Шоу был к нему куда добрее. Когда летом 1928 года Шоу отдыхал в Антибе, ему случалось заезжать в Ниццу, и они восстановили былое знакомство. Странные это были отношения. Правда, Харрис никогда не утомлял Шоу так, как меня, вся эта мелодраматическая похвальба злодейством и мужественностью чем-то привлекала Шоу. Мало того, в споре с Харрисом он, в отличие от меня, мог взять верх. В молодости, выступая на митингах, он не боялся идти наперекор толпе. Должно быть, в общении с Харрисом он вспоминал былое время. А вот меня Харрис подминал и расплющивал, как паровой каток.
Совсем расщедрившись, Шоу позволил Харрису написать свою биографию («Жизнь»). Вышло то, что и может создать эгоцентричный, помешанный на сексе старик. Больше всего там глубокой уязвленности успехом своего бывшего автора. Шоу, пишет он, полный импотент в искусстве, делах и любви. Это – главная мысль, дальше идет мнимый психологический анализ. Шоу отнесся к этому выплеску с бесподобным добродушием и очень помог книге, написав кое-какие пояснения. Но здесь излагается моя автобиография, а для меня последние годы Харриса – только «неясный шум». Я ничего не знаю о его сомнительном труде в четырех томах «Жизнь и любовные романы Фрэнка Харриса», запрещенном цензурой и разыскиваемом собирателями «занятной» словесности, ничего – кроме того, что он, безусловно, скандален и не слишком правдив.
Что ж, оставим пылкого, безудержного человека, прогромыхавшего по жизни мимо моей куда менее громогласной личности. Мне говорили, что «Жизнь и романы» Фрэнка Харриса – предостережение всем, кто захочет написать автобиографию, и я этому верю. По-видимому, это мешанина из лжи, жалости к себе, пустых претензий и эксгибиционизма, окончившихся несчастьем и отчаяньем. Я, однако, не хотел бы, даже для своей же пользы, добывать и читать запрещенную книгу. Не думаю, чтобы мне довелось узнать что-нибудь новое об этом воплощении безудержного эгоизма. Харрис пил и орал всю свою жизнь, иначе не мог, все пытался найти себя. Развернуться и взглянуть правде в лицо ему недоставало мужества, а чувства и ум его были слишком остры, чтобы оставить эти тщетные попытки. Еще до переезда в Лондон он в ужасе бежал от себя самого, от Фрэнка Харриса. Найди он силы развернуться, он, быть может, сотворил бы что-нибудь пристойное из своей исковерканной и лживой особы.

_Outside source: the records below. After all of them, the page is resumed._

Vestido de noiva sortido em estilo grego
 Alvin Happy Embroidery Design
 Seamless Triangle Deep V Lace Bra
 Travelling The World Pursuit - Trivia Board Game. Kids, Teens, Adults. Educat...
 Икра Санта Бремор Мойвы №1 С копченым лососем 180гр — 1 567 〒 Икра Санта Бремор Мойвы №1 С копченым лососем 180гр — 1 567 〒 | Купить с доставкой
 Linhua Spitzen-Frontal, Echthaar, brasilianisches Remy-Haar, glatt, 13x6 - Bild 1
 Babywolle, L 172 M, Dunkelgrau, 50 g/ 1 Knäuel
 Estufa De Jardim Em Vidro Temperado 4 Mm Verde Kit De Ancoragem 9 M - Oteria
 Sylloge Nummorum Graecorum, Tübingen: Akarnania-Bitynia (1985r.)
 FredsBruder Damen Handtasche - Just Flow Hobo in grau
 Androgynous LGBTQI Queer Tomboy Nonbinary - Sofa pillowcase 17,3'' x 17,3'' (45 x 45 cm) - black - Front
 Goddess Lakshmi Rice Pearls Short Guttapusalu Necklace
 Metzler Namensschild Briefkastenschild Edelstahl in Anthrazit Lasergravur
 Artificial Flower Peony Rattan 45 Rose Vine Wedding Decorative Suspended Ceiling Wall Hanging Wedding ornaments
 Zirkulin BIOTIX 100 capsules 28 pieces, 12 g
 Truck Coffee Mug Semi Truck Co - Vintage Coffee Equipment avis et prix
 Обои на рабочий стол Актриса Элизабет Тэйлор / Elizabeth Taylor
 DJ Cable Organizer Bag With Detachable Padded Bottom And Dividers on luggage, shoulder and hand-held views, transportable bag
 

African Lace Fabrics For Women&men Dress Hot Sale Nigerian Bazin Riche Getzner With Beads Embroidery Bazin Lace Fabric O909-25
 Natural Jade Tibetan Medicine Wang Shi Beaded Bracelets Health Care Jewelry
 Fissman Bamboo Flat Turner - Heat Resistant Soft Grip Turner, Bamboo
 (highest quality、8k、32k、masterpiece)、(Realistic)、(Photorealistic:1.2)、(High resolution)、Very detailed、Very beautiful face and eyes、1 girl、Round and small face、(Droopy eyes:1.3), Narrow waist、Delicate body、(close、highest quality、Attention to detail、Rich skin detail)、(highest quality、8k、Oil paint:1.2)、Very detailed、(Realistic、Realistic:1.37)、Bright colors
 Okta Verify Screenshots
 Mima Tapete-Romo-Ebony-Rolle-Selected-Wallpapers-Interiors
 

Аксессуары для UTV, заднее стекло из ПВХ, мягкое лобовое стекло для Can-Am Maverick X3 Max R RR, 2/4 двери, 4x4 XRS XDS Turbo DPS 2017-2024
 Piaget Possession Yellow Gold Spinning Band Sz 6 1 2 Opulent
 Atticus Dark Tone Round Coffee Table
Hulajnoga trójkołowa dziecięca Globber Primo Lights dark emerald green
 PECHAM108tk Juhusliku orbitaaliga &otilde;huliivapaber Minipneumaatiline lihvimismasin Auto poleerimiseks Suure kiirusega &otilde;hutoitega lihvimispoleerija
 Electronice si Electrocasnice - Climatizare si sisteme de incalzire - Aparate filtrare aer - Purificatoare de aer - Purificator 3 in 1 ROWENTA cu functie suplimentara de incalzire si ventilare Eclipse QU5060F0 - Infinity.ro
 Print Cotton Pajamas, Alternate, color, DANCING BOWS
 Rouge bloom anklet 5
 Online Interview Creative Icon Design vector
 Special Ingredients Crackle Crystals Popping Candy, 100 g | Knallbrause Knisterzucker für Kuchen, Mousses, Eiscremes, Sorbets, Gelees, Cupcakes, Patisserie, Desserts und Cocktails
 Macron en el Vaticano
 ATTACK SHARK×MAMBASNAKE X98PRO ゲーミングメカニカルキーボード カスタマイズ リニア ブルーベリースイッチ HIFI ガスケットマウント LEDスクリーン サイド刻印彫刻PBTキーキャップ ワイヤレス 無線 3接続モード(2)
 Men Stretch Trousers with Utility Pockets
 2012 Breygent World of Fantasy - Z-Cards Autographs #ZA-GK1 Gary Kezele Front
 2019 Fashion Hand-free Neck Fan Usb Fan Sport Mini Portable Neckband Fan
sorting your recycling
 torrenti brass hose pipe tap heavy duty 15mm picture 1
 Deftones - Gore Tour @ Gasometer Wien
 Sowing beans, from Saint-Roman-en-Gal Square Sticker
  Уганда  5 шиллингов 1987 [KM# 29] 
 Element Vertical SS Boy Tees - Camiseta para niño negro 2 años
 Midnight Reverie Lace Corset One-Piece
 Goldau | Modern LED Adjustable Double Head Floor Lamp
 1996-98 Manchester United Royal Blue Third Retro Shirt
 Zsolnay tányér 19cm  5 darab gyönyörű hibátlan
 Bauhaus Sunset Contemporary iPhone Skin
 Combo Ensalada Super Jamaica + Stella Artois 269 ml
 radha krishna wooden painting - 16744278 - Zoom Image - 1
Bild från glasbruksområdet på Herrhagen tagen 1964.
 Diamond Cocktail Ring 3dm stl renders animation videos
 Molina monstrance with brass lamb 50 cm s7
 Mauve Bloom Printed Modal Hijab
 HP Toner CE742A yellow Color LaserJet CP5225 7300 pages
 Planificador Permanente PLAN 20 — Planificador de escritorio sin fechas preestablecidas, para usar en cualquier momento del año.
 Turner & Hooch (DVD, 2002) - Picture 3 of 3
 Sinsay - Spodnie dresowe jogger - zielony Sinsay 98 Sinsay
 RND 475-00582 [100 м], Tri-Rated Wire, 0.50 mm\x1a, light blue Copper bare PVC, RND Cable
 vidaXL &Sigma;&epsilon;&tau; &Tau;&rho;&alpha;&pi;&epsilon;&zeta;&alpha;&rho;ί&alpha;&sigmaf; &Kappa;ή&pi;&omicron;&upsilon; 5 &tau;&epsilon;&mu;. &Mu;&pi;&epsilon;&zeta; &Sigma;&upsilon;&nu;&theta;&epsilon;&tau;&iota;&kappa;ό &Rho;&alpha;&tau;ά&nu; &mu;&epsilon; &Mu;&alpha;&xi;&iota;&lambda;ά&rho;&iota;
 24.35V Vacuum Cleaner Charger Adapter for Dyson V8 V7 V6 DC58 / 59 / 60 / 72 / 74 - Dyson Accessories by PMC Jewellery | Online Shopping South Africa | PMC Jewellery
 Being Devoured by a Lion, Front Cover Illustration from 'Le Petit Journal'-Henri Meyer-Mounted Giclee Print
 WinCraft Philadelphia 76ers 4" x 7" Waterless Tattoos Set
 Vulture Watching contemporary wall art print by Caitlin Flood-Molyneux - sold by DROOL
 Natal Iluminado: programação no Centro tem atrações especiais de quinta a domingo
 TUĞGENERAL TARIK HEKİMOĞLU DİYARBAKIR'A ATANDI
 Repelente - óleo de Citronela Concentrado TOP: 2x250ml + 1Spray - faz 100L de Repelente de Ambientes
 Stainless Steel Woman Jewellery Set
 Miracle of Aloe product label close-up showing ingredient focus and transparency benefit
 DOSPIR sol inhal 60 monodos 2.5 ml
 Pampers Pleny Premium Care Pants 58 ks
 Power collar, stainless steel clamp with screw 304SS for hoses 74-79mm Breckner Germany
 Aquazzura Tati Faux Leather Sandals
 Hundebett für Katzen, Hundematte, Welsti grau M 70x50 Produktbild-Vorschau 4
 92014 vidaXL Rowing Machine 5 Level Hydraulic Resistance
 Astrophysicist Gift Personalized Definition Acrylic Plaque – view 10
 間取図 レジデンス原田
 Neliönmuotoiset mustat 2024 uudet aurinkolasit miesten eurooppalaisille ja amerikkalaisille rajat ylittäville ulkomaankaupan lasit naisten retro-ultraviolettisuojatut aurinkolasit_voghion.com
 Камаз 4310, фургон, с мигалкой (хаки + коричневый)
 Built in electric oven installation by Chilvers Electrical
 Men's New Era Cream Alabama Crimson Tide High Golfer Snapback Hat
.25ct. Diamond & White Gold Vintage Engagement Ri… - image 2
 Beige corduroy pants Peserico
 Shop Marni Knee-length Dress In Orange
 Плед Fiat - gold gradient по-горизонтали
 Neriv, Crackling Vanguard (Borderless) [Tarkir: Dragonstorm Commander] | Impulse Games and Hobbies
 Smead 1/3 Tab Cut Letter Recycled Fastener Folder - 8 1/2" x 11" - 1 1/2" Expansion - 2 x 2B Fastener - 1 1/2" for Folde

Впрочем, не знаю. Нелегко управиться с несуразным телом, с безобразным, темным лицом, с тщеславием, замешанным на похоти, и с алчной тягой к могуществу.
После этого отступления вернемся к 1894–1895 годам, точнее – к тому, как я ходил на Саутгэмптон-стрит, брал у Харриса и Бланчампа книги на рецензию, садился в кеб и вез эти охапки к себе, на Морнингтон-роуд. Дома я устраивался за столом, мы с Джейн вымучивали рецензии, хотя огонек писательской изобретательности порою едва чадил, и первоначальный вариант отправлялся в корзину.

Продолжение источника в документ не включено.